Mountain Biking

My mountain bike has literally changed my life.


My life.

Before I started mountain biking, I’m not sure what I did after work on sunny days while my kids were still at school or day care. Did I just come home and flop on the couch? (Probably). Did I fritter my time away on the computer? (Probably). Did I go straight for snacks and something to drink? (Probably). I don’t really remember. It doesn’t matter.

It started with a small goal that began in April, as the snow was melting and the trails dried out enough to ride bikes on them. I would get good enough to be able to ride safely by myself on the local trail network.

After a few weeks of that, I thought, “I think I’d like to be able to at least ride with a group. I don’t need to keep up – just make it through the ride safely.”

Now I’m keeping up with the group, and I have new goals: I want to be able to comfortably go over big rocks, and not have to get off my bike and walk any of the rooty parts on the steep trails, and by the end of the summer I want to do the “hard” trails with the long climbs and the super steep downhills.

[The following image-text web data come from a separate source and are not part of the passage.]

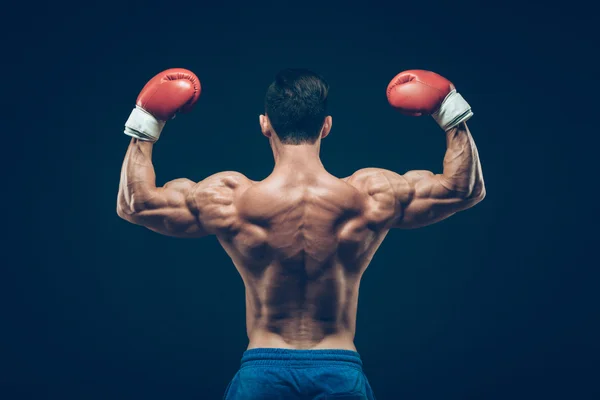 Boxer muscolare in studio di tiro, su sfondo nero . — Foto Stock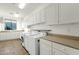 Laundry room with white cabinets and modern appliances at 2549 E Cherrywood Pl, Chandler, AZ 85249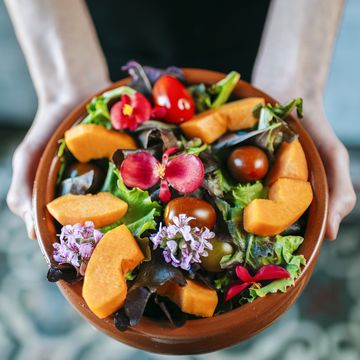 man's hands holding bowl of mixed salad garnished with edible flowers, close up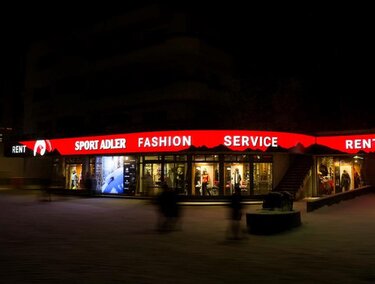 Ein Geschäft mit leuchtendem, rotem Schild, das "Sport Adler" und "Fashion Service" anzeigt. Die Szene ist nachts, und es sind verschwommene Gestalten im Vordergrund zu sehen.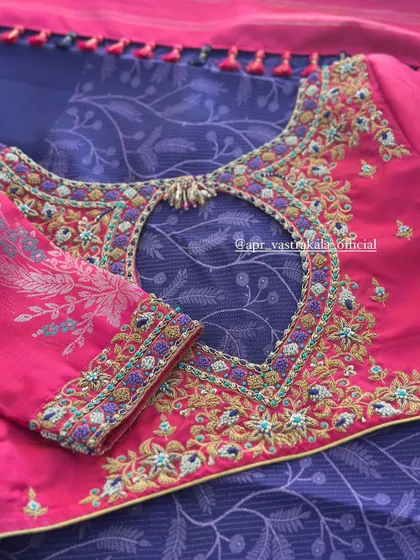 The back of the pink blouse, with a keyhole cutout.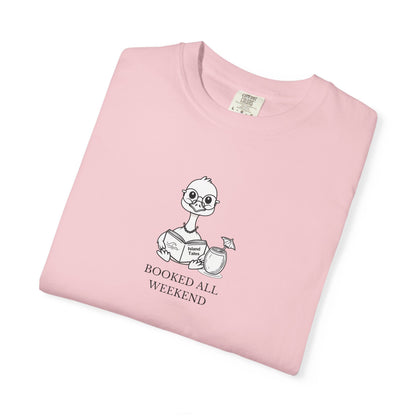 A folded light pink crewneck t-shirt featuring a cartoon graphic of a nene goose reading a book next to a cocktail glass, with the text 'BOOKED ALL WEEKEND' printed below.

On sunny days at work, I look out the window and daydream about riding my bike. My husband I draw straws to see who gets to go for a bike ride and who stays home with the kids on the weekends. My car is littered with gear. Every conversation inevitably turns to stories of various bike rides and potential next trails to do.

There are other changes too. My legs are covered in scratches, scrapes, and bruises. Some from falling, but most just from scraping against the sharp spikes on my pedals. I’m noticeably less scraped than I was at the start of the season. Another sign that I’m improving as a bike rider.

They may be scratched up, but my legs are also stronger than they were. There are muscles there that I didn’t know existed. I have more energy, I think. I feel a little less sleep deprived.

Four years ago, I could barely get out of bed each morning. I was overwhelmed with postpartum depression following a miscarriage, depression that carried a bit into my next pregnancy and postpartum. In short, four years ago, I was a wreck. I gained a lot of weight (not just pregnancy weight) after my second child was born, and was so relieved that he was healthy, that both my kids are healthy, that I barely gave a second thought to my own health.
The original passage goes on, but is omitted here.